Slide 2 - Diapositive
Kies het goede antwoord. De avocado's worden in Nederland veel gegeten. Daarom worden er steeds meer geïmporteerd. Die avocado's komen dan bijvoorbeeld via de Rotterdamse havens in Nederland aan. Wat betekent importeren?
A
maken in het eigen land, produceren
B
vervoeren naar een ander land, wegbrengen
C
binnenhalen uit het buitenland, invoeren
D
eten in het eigen land, consumeren
Slide 3 - Quiz
Nederlanders eten gemiddeld 12 avocado's per jaar. In 2008 waren dat er ongeveer 3. Dat zijn dus .............keer zoveel avocado's.
A
6
B
2
C
4
D
9
Slide 4 - Quiz
Kies het goede antwoord. De avocado wordt behalve in Nederland ook in andere landen in Europa veel gegeten, daarom worden er steeds meer geëxporteerd. Die avocado's gaan dus meteen door naar andere landen in Europa.
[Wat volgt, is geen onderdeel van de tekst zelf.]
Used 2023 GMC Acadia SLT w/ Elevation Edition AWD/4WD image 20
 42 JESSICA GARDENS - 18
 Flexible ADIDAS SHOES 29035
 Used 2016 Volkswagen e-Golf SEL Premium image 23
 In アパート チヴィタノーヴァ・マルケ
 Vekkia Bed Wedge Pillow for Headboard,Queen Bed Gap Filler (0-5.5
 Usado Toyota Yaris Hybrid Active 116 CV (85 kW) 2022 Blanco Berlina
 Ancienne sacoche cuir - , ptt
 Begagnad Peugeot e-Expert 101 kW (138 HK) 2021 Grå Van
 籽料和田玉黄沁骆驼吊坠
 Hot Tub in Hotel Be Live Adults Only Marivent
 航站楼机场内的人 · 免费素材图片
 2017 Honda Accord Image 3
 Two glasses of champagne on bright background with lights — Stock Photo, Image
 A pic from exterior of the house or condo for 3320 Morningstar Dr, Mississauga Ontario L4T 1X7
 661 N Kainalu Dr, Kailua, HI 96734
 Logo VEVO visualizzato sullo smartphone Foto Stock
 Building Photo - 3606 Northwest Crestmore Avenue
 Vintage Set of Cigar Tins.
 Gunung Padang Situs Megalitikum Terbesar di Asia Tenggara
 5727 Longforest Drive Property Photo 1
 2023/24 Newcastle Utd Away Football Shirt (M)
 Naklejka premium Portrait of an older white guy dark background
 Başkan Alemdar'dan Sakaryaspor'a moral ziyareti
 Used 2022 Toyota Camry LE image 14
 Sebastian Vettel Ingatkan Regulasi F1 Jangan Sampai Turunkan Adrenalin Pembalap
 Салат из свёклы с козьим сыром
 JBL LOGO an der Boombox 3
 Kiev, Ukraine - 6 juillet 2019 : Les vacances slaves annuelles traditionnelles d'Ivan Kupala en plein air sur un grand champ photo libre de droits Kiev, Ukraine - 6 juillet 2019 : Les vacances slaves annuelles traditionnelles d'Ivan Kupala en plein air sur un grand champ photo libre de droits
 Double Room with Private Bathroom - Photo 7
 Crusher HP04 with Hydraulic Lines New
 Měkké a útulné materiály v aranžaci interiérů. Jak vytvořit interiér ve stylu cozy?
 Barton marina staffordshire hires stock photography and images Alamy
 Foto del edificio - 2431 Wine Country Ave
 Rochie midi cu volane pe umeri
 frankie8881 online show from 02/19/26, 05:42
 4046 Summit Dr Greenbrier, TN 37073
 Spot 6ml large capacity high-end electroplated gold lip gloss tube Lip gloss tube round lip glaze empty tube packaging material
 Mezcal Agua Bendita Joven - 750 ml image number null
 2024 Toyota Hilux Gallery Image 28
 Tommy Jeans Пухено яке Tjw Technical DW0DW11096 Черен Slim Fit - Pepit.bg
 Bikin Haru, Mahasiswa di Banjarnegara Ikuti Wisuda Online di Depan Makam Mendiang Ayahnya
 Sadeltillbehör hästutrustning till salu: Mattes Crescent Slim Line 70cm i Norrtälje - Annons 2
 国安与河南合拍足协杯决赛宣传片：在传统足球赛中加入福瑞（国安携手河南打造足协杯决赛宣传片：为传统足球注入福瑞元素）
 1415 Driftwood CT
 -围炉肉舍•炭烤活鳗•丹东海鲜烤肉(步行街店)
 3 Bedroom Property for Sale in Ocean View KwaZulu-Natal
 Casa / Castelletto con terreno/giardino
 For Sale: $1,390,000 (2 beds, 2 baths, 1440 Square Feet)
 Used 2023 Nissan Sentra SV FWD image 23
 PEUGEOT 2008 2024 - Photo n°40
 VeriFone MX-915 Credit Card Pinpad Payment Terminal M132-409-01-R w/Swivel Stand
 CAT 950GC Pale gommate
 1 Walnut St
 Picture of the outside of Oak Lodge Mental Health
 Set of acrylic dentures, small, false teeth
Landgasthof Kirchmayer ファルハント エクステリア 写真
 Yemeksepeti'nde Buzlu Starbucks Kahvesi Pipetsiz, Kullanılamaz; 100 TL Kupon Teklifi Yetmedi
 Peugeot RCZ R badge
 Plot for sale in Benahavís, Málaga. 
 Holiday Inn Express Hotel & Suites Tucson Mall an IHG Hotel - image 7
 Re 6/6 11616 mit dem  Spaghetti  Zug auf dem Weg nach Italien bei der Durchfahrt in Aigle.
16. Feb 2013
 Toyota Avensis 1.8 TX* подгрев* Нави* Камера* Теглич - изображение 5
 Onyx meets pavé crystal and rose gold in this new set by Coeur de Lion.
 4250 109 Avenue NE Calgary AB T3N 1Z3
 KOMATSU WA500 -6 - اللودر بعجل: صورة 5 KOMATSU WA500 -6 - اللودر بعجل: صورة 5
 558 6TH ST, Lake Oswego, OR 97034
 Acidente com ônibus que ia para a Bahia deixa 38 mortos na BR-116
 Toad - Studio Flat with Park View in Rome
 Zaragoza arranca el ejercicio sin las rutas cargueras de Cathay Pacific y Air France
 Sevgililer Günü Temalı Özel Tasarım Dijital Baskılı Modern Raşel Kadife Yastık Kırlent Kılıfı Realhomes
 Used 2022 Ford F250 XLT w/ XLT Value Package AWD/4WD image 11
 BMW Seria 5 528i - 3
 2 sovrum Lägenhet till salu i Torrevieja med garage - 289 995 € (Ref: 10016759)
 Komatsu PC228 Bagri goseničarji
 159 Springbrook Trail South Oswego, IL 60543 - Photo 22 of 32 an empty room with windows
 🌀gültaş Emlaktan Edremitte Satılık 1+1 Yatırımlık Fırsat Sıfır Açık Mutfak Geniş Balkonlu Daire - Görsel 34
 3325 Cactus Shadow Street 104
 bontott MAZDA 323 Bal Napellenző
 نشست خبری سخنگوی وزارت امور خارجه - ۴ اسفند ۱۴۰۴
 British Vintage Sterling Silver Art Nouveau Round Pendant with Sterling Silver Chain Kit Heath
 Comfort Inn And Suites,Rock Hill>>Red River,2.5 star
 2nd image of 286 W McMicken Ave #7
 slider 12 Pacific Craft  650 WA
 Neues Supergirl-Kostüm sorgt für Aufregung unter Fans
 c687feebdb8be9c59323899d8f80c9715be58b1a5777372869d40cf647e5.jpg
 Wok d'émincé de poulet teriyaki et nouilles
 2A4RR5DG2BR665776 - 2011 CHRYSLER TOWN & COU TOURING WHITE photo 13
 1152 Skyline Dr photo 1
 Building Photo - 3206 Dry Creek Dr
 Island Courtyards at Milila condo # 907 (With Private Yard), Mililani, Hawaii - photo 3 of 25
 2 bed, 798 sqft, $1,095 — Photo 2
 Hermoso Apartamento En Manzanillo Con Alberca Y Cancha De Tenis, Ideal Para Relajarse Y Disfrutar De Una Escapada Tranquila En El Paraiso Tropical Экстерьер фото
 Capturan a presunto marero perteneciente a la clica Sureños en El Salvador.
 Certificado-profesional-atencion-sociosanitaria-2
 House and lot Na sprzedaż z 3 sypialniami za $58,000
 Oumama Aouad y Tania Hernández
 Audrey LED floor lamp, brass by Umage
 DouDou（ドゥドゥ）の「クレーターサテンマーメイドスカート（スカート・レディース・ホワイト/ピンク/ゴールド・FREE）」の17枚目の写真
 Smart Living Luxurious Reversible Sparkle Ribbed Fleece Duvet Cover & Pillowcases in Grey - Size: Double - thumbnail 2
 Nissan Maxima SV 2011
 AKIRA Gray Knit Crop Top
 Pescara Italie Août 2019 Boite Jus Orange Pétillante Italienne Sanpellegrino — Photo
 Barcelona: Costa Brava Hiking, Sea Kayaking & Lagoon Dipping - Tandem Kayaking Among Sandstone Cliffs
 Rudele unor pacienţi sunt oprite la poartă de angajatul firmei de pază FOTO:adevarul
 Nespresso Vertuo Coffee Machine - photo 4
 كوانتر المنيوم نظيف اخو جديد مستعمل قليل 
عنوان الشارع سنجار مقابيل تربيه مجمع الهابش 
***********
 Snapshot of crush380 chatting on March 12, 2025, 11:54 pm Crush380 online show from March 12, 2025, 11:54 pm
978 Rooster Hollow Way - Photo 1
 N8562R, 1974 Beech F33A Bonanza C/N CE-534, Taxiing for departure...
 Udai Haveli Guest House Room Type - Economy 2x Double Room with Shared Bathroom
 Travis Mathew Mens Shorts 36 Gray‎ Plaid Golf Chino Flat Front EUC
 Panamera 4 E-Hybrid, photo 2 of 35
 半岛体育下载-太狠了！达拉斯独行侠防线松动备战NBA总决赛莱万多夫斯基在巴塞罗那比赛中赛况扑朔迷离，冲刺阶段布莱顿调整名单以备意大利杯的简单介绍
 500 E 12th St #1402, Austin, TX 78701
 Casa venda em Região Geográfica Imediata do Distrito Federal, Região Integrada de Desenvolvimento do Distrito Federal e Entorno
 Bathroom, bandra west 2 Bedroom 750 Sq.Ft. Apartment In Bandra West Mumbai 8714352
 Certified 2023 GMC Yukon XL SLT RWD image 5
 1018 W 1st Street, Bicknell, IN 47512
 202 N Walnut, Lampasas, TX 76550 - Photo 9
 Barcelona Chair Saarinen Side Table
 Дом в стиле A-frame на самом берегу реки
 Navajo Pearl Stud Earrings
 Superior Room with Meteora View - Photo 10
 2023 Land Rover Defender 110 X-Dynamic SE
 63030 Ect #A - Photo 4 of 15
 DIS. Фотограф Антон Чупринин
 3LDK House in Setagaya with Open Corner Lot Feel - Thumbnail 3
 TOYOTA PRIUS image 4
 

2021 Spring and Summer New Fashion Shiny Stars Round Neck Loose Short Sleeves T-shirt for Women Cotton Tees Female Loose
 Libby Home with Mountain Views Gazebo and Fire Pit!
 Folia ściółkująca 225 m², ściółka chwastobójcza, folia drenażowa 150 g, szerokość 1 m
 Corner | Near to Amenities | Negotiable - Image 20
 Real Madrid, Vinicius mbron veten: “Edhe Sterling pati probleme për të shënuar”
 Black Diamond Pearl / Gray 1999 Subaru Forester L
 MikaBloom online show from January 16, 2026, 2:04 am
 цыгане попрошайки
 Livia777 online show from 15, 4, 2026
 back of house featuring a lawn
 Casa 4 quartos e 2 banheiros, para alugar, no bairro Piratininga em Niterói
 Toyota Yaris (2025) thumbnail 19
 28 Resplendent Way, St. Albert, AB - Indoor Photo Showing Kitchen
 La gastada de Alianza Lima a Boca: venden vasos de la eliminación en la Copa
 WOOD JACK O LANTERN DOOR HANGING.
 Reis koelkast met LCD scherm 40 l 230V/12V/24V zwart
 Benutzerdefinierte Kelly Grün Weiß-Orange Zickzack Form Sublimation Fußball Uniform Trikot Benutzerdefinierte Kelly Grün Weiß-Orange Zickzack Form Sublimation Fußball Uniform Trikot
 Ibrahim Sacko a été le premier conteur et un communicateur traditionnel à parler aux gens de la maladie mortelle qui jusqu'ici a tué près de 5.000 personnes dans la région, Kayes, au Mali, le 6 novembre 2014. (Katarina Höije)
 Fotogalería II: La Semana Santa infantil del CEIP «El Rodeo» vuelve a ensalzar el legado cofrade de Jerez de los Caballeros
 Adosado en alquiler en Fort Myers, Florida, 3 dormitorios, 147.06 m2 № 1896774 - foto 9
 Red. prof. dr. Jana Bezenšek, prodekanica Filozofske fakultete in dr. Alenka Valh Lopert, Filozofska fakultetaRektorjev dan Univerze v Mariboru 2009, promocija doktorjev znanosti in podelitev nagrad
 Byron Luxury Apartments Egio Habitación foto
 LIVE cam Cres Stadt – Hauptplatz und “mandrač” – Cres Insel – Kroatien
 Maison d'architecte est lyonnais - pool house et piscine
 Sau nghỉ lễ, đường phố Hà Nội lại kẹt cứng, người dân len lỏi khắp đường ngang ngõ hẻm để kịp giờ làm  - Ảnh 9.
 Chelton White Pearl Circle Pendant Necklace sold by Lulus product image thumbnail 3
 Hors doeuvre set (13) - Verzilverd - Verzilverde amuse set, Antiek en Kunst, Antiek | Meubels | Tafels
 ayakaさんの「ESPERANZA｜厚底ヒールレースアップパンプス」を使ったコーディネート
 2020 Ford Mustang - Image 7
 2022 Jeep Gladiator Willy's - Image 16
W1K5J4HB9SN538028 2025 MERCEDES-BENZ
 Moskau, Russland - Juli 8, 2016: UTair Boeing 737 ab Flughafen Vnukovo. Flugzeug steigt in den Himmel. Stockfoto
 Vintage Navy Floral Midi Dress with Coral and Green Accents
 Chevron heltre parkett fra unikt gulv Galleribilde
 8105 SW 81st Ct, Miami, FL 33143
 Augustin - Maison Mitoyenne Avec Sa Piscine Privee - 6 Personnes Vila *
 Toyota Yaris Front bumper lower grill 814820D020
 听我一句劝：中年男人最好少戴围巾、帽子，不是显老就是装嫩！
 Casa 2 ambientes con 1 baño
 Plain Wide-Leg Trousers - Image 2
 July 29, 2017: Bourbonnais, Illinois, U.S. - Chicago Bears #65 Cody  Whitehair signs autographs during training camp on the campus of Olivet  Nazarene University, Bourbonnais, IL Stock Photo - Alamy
Wat betekent exporteren?
A
wegbrengen naar het buitenland om te verkopen, uitvoeren
B
gratis geven aan andere landen, weggeven
C
binnenhalen uit het buitenland, kopen
D
weggooien in de afvalbak, vernietigen
Slide 5 - Quiz
Waar of niet waar ? Avocado's groeien ook in Nederland.
A
waar
B
niet waar
Slide 6 - Quiz
Kies het goede antwoord. Het merendeel van de avocado's wordt uitgevoerd naar andere Europese landen. Een klein gedeelte blijft in Nederland. Wat betekent het merendeel?
A
het kleinste deel
B
het mooiste deel
C
het grootste deel
D
het lekkerste deel
Slide 7 - Quiz
De meeste avocado's komen uit Peru, Chili, Colombia en Mexico. In welk werelddeel liggen deze landen?
A
Azië
B
Zuid-Amerika
C
Afrika
D
Europa
Slide 8 - Quiz
Kies het goede antwoord. Nederland zorgt voor de rijping van de avocado's, voor de controle en eventuele verpakking. Soms zit er wel een verpakking om, soms niet. Wat betekent eventueel?
A
belangrijk
B
groot
C
ingewikkeld
D
mogelijk
Slide 9 - Quiz
Avocado's komen in Nederland vooral aan in de Rotterdamse................... .
A
busstation
B
vliegveld
C
treinstation
D
haven
Slide 10 - Quiz
Kies het goede antwoord. Een avocado telt mee voor de richtlijn van 250 gram groente per dag. Het Voedingscentrum adviseert iedere dag 250 gram groente te eten. Wat betekent de richtlijn?
A
de aanwijzing hoe je iets het best kunt doen
B
de regel hoe je iets per se moet doen
C
de vraag hoe je iets het liefst wilt hebben
D
het plan hoe je iets samen gaat doen
Slide 11 - Quiz
Waar of Niet Waar ? Volgens het Voedingscentrum is de avocado een groente.
A
waar
B
niet waar
Slide 12 - Quiz
Kies het goede antwoord. Een avocado bevat in tegenstelling tot andere groenten veel vet. In de meeste groenten zit bijna geen vet. Wat betekent in tegenstelling tot?
A
samen met
B
net als
C
anders dan
D
liever dan
Slide 13 - Quiz
Er zitten veel vitamines in avocado's. en ook veel .................... net als in vis, boter en noten.
A
suiker
B
vet
C
zout
D
melk
Slide 14 - Quiz
Kies het goede antwoord. Door de gestegen vraag naar avocado’s richten steeds meer boeren zich op het telen van de vrucht. Bijvoorbeeld in Mexico en Peru zijn veel avocado's. Wat betekent telen?
A
planten verkopen
B
planten laten groeien
C
dieren laten groeien
D
dieren of planten in je huis hebben
Slide 15 - Quiz
Boeren kunnen veel geld verdienen met het telen van avocado's. Hoe worden avocado's daarom ook wel genoemd ?
A
het groene goud
B
de zilveren vrucht
C
de vette schat
D
het rijpe geheim
Slide 16 - Quiz
Kies het goede antwoord. Je staat er als consument misschien niet altijd bij stil dat het laten groeien van avocado's veel water kost. Als klant zouden we daar meer over kunnen nadenken. Wat betekent de consument?
A
iemand die iets maakt of bedenkt
B
iemand die iets verkoopt
C
iemand die iets geeft of schenkt
D
iemand die iets koopt of gebruikt
Slide 17 - Quiz
Voor het telen van een avocado is .................. water nodig.
A
weinig
B
veel
C
regen
D
bron
Slide 18 - Quiz
Kies het goede antwoord. Het telen van één avocado kost circa 70 liter water. Het kan iets meer of minder zijn. Wat betekent circa?
A
ongeveer
B
niet meer dan
C
precies
D
meer dan
Slide 19 - Quiz
Hoe kun je de pit van een avocado er het beste uithalen ?
A
met een schaar
B
met je vingers
C
met een lepel
D
met een mes
Slide 20 - Quiz
Kies het goede antwoord. Artsen pleiten voor betere instructies op de verpakking van avocado's. Ze doen er hun best voor dat er een betere uitleg komt op de verpakkingen. Wat betekent pleiten voor?